More seriously, I also recall the Gipper getting remarkably little flack at the time for his appalling visit and endorsement of States Rights in Philadelphia, Mississippi…a number of stories instead focused on Jimmy Carter mistakenly calling the town "the birthplace of the Ku Klux Klan." Hmmm.

Anyway, Perlstein points out we're living with the consequences of Reagan's liturgy of absolution, from Central American refugees fleeing a region destabilized in the name of "fighting communism" to the head-in-the-sand-denial of climate change ("trees cause pollution") to blaming the poor for economic problems (as if the poor had that kind of money and power to begin with)…But I guess that's what happens when you've got a substantial number of people who flee reality for the comfort of cozy myths…

4 thoughts on ““A Liturgy of Absolution”

  1. I love Rick Perlstein’s work. Nixonland is brilliant, I’ve read it twice. Also highly recommended is Reagan’s America by Garry Wills, a great contemporaneous take on the working’s of Reagan’s mind.

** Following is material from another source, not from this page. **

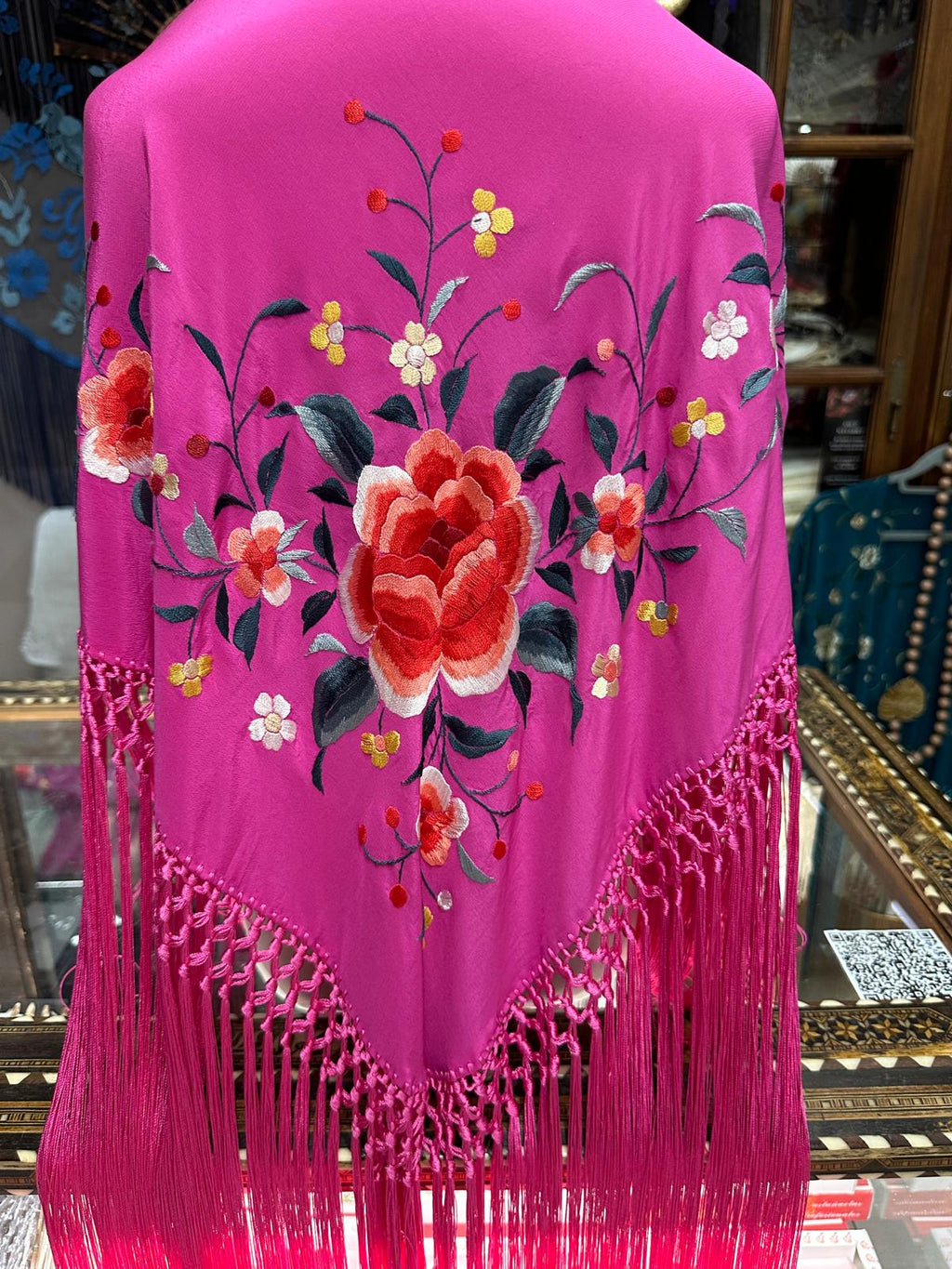Pico seda bordado a mano-Fucsia-1,28x 64 |Modelo 44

  2. Reagan’s America is now on my list — thanks. Nixonland is out on loan to someone (possibly a friend in your fine city)…originally borrowed it from the library, but it was too good to read on a deadline.
    Also have Before the Storm (Goldwater) on the Kindle, but…it might have to wait a bit.

  3. Reagan was the perfect Republican President: a simpleton who was carefully nurtured to believe that he was a fount of brilliant ideas. The mythmaking began almost from the moment that he entertained a career in politics. People remember him at casual Republican fundraisers being moderately obsessed with Hal Lindsey’s The Late Great Planet Earth, which he took very seriously, because, well, he was not at all bright and was very susceptible to bullshit.
    Most people don’t know that Edward Teller had originally pitched Star Wars to Jimmy Carter, but Carter, with degrees in nuclear physics and time on nuclear submarines, knew that it was all very expensive nonsense and that Teller was pretty much trying to get the government to fund some of his fetishes and fantasies (and to pump big money into his personal vendetta against Los Alamos, Lawrence-Livermore Labs). So, Carter listened politely and then sent him on his way. When Reagan finally hit the White House, Teller knew his mark had arrived and laid out the con wide and thick, and Reagan took the hook like a rube at his first three-card monte game on 42nd Street.
    There’s been much made of Reagan’s mental decline (which his hagiographers have tried to narrowly limit to occasional episodes in his last couple years in office), but the simple truth is that he didn’t have much on the ball to begin with. That old adage that not all conservatives are stupid, but all stupid people are conservative fit Reagan perfectly. The story that Garry Wills offers in Reagan’s America for Reagan’s conversion to radical conservatism is telling in that regard.
    But, he could read his lines with conviction, and at a time when television had finally become inextricably intertwined with politics, there was no question that style over substance–and, therefore, Reagan–would prevail. The Villagers loved the idea of Hollywood glitz coming to the White House, and we haven’t been able to get the goddamned stuff vacuumed out of the carpets to this day.